Obviously the decision handed down this afternoon by a panel of the Sixth Circuit U.S. Court of Appeals, overturning lower-court rulings that had struck down same-sex marriage bans in Michigan, Ohio, Tennessee and Kentucky, wasn't influenced by the election but was presumably withheld until today to prevent it from influencing the election.

Still, it seems to me to focus some attention on a factor that seems to me to account for Tuesday's strong rightward tilt. I'm going to venture that part of it -- in some miasmatic soup of cause and efffect or perhaps just lurking malaise -- is gut-level pushback in the culture wars, against all that stuff that "they" are getting away with. I think this may play a larger role than we've allowed in the political wars to come in the final years of the Obama administration, and in the 2016 election.

The thing to remember, before we get to the actual Sixth Circuit ruling, is that until now all of the rulings handed down on same-sex marriage handed down by federal Circuit Courts of Appeal -- the level immediately below the Supreme Court -- have been against legal bans. Which was crucial to the Supreme Court's on-the-surface puzzling decision at the start of its current term to let stand without comment the Circuit Court rulings under appeal to it. (See my October 6 post , "Which of the Supreme Court's thug-justices finked out on God's own homo-haters?")

Cautious commentators were careful to note at the time that simply letting those rulings stand may have seemed like the same thing as upholding them, but wasn't at all. Practically speaking, it meant that the High Court still had a clear shot at the subject if and when four justices could agree to hear a future case.

And this was made possible by the fact that as of then there were no contradictory rulings among the circuit courts which might have required Supreme Court adjudication. It was also pointed out by cautious commentators that this situation would change as soon as even one circuit weighed in on the other side.

Now, as the Washington Post's Robert Barnes reported late this afternoon:
A panel of the U.S. Court of Appeals for the 6th Circuit upheld same-sex marriage bans in four states Thursday afternoon, creating a split among the nation’s appeals courts that almost surely means the Supreme Court must take up the issue of whether gay couples have a constitutional right to marry.

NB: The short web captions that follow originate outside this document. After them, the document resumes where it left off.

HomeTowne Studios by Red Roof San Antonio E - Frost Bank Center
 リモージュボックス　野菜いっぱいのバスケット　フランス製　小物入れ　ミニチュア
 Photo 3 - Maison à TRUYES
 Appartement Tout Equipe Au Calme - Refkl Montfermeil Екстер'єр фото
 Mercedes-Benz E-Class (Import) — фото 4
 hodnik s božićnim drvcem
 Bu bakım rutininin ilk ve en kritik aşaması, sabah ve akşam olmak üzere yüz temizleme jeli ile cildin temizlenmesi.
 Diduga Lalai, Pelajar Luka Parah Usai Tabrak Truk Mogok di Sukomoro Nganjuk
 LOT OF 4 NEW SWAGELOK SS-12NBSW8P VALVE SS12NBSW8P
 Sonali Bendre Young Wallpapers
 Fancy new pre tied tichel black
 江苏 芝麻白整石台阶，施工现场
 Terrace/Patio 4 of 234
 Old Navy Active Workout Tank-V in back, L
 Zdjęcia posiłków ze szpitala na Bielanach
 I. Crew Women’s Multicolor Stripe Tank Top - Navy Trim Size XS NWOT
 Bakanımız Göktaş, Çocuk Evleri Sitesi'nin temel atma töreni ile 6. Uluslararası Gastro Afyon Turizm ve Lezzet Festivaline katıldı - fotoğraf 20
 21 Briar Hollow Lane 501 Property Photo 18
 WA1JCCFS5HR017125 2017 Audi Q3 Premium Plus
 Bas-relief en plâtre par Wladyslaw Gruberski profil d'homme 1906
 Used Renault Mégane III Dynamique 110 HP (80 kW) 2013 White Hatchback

The panel ruled 2 to 1 that while gay marriage is almost inevitable, in the words of U.S. Circuit Judge Jeffrey Sutton, it should be settled through the democratic process and not the judiciary. The decision overturned rulings in Michigan, Ohio, Tennessee and Kentucky, and makes the 6th Circuit the first appeals court to uphold state bans since the Supreme Court in 2013 struck down part of the federal Defense of Marriage Act.
One thing that was puzzling about the Court's decision last month not to accept any of the same-sex marriage cases on offer to it was the position of the four far-right thug-justices. Clearly this is an issue on which they couldn't count on their steady swing-thug "Slow Anthony" Kennedy to join their party, but it only takes four justices to add a case to the docket. Did this mean that one or more among Justices Roberts, Scalia, Thomas, and Alito had thrown in the towel on the issue?

Or were they perhaps holding off in the hope that a more favorable day would yet come -- meaning at least having one circuit-court ruling to hang a constitutional hands-off on the issue, perhaps a personnel change on the Court, perhaps even a change in the cultural climate.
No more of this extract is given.